The Royal Flying Doctor Service primary care skin cancer clinic: a pilot program for remote Australia
Citation: Scrace M, Margolis SA. The Royal Flying Doctor Service primary care skin cancer clinic: a pilot program for remote Australia. Rural and Remote Health (Internet) 2009; 9: 1048. Available: http://www.rrh.org.au/articles/subviewnew.asp?ArticleID=1048 (Accessed 19 October 2017)
Introduction: The geography and logistics of living in remote Australia provide unique challenges in providing dedicated primary healthcare services to tackle the rising incidence of skin cancer. The aim of this study was to ascertain whether the Royal Flying Doctor Service (RFDS) skin cancer clinic could improve skin cancer health outcomes for the target population while providing care at a level consistent with that documented for metropolitan skin cancer clinics.
Methods: This retrospective longitudinal report compared historical controls with a dedicated fly-in/fly-out primary care skin cancer outreach clinic provided by the RFDS. The clinic was run concurrently with the regular primary care medical service; the entire focus of this additional service was on skin cancer diagnosis and management. This model was used to minimise the additional costs of providing the service.
Results: During the study period a total of 316 people were seen at this skin cancer clinic (29% of the total non-Indigenous population) with 39% of those aged over 50 years seen. There was an average of 1.1 consultations per person (343 consultations in total), with a procedure performed in approximately one-third of consultations. The demographic most likely to have a lesion removed were over 50 year-old males (p<0.0001). The rate of skin cancer detection was 15/1000 adults/year. The number of lesions removed per year increased from 37 to 42 after the intervention, with no statistically significant change in the percentage of excised lesions that were malignant (44%). For over 50 year-old males there was a statistically significant increase in the proportion of excised lesions that were melanomas (χ2 = 6.015; p = 0.013). This corresponded to a four-fold rise in melanoma detection from 0.2/1000 people/year pre-intervention to 2/1000 people/year post-intervention.

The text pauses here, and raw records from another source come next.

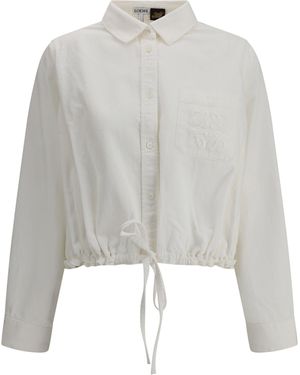 Loewe Cropped Jacket - White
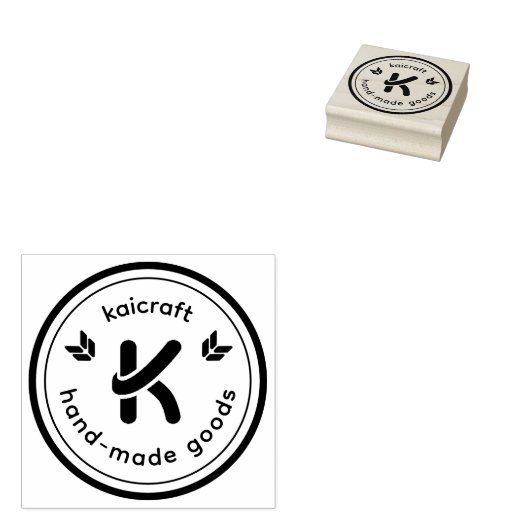 Small Business Logo voor Kunst, Ambacht & Scrapboo Rubberstempel (Gestempeld)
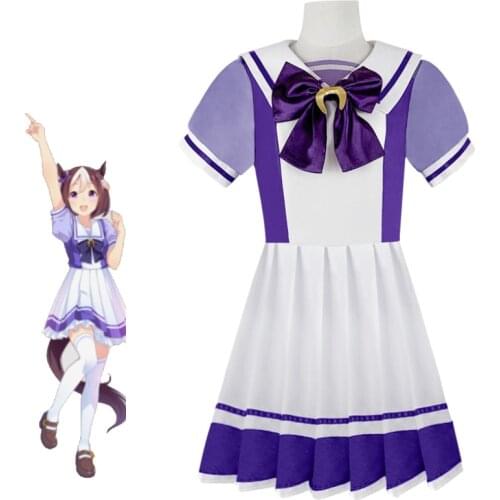 Anime Uma Musume Pretty Derby Cosplay Costume Uma Musume Tokai Teio Cosplay Costume Women Summer Uniform Party Dress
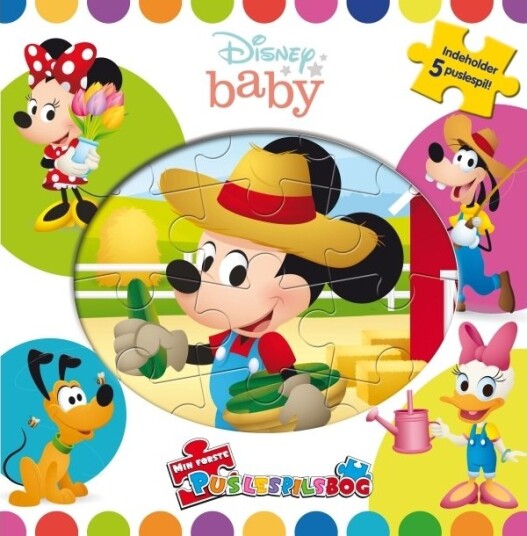 Disney Baby – Min Første Puslebok M. 5 Puslespill | Språk: Dansk Disney Baby – Min Første Puslebok M. 5 Puslespill | Språk: Dansk
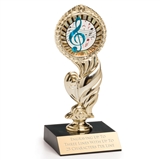 Waves Column Music Trophy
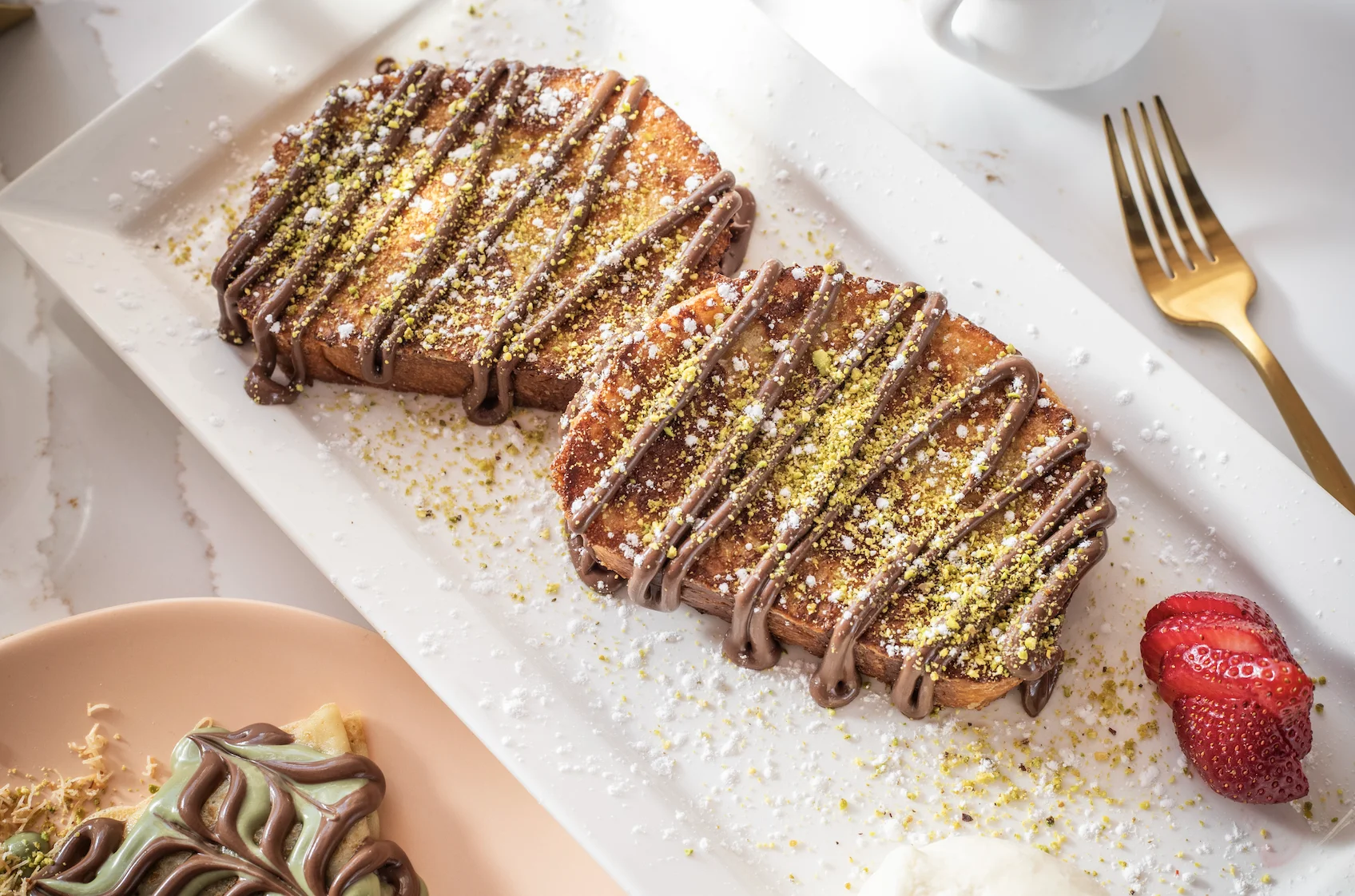 Pistachio Nutella French Toast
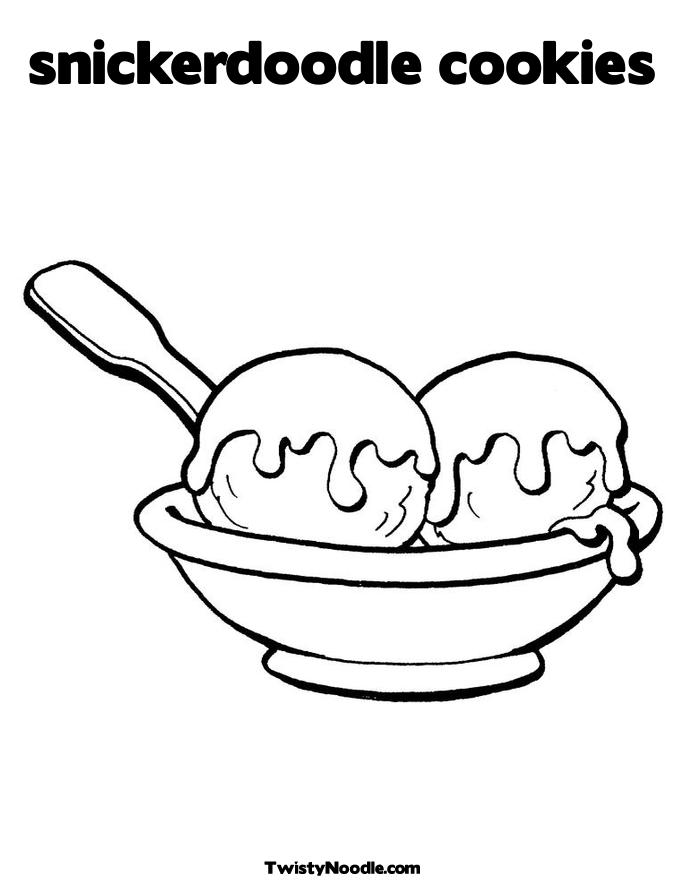 Cookies Colouring Pages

A comparison of the skin clinic’s effectiveness with documented results from other Australian non-specialist skin cancer services demonstrated a low number needed to treat for melanoma which is consistent with high diagnostic accuracy. This is also supported by a relatively high consultation to biopsy ratio. The biopsy treatment ratio and percentage of lesions that were malignant were similar to those seen in other Australian settings.
Conclusion: The RFDS skin cancer clinic outcomes were not dissimilar to those seen in metropolitan skin cancer clinics. The small population and consequently low statistical power mitigated against certainty in concluding that clinical outcomes were enhanced. Further studies would assist in the future development of models for skin cancer clinics in remote areas.
Key words: primary care, remote, skin cancer, skin cancer clinic.